Tara-Nicholle Nelson
Inman News™

Q: My daughter and her husband-to-be, who are both 21, are trying to buy a house and have put many offers in on various homes. They already are preapproved for the amount they need. Every time they put an offer in, even on houses that have no other offers, and that have been on the market for a long time, all of a sudden many offers come in -- sometimes within 24 hours!

Then the bank goes with the higher offer, which confuses them because their agent told them there were no other offers. This has been very depressing for them.

They are getting married in June and would like to purchase a home before then, so they have a home to move into after the wedding (they both still live with their parents). Is there anything they can do to resolve this problem? --Julie R.

Being a buyer in today's market is nearly as frustrating as being a seller.
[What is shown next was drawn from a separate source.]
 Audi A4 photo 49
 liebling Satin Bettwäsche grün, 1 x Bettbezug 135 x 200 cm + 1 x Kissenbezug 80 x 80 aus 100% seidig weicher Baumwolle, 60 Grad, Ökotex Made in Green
You read and hear all day long about what a strong buyer's market it's supposed to be and what great deals there are to be had via foreclosures and short sales.

But when you start making offers on properties you find that the banks are nowhere near as willing to negotiate as you expected, and that many of the bank-owned homes cannot be bought without prevailing over a sea of other offers.

Depressing and frustrating -- yes. But there are some strategies they can and should put into play to better their chances going forward.

With an individual seller, you can minimize the chances of being outbid unawares in a couple of ways. You can put a very, very short time frame on your offer, eliminating a window of opportunity for other buyers to swoop in on the property.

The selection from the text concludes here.